**TASK GOAL:**
An exact copy of all the data is needed, with every picture left out.

**DATA SECTION:**
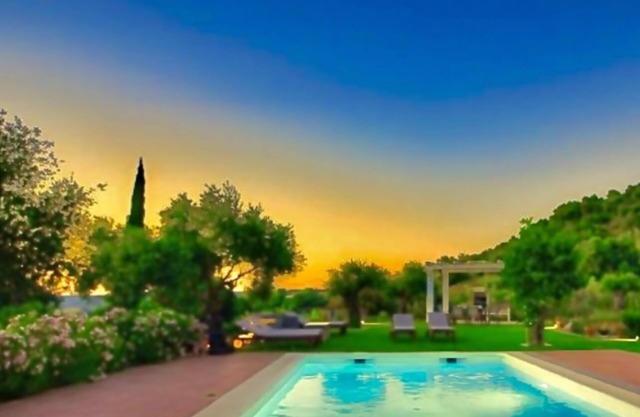 Villa La Tina Golf with Lake View, Pool & Wi-Fi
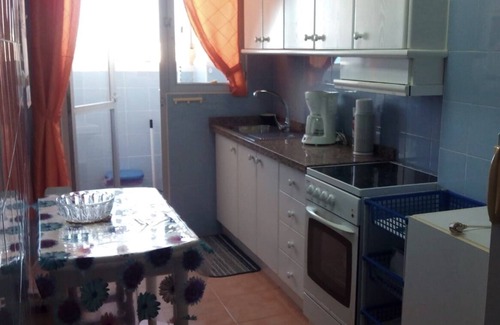 Torre del Mar Condominio | Piso en primera línea de playa equipado y con excelentes vista al mar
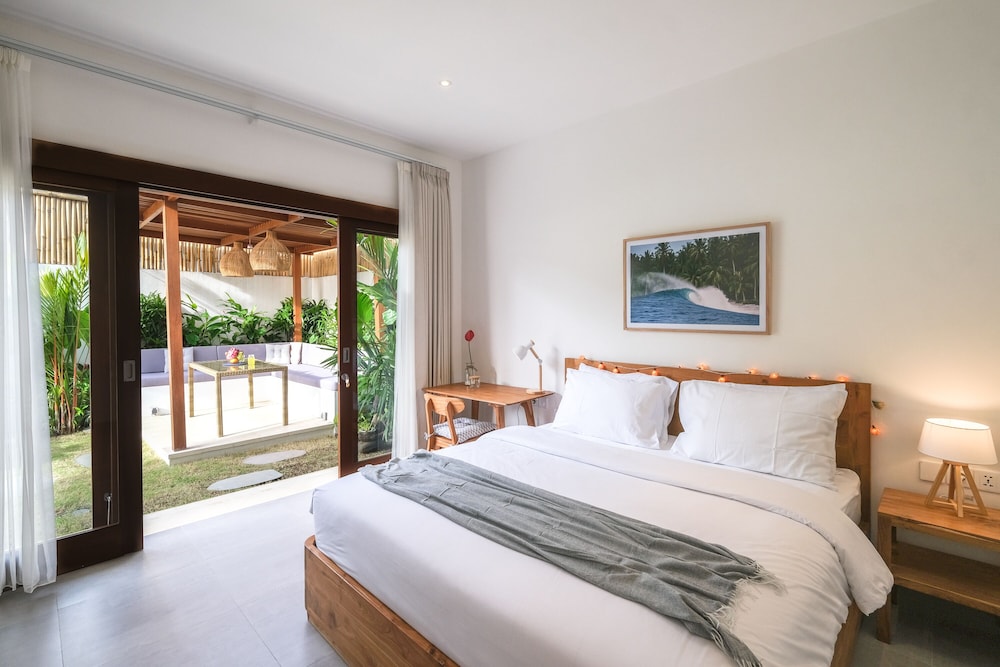 Villa photo 1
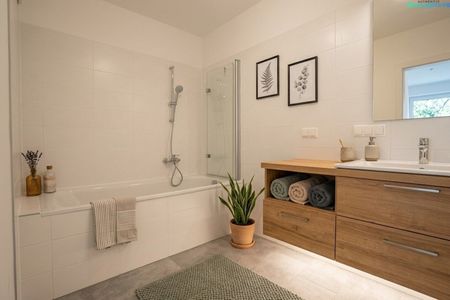 Lichtdurchflutete DG - Wohnung mit exklusivem Schneebergblick. - Foto 4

**ANSWER:**
 Villa La Tina Golf with Lake View, Pool & Wi-Fi
 Torre del Mar Condominio | Piso en primera línea de playa equipado y con excelentes vista al mar
 Villa photo 1
 Lichtdurchflutete DG - Wohnung mit exklusivem Schneebergblick. - Foto 4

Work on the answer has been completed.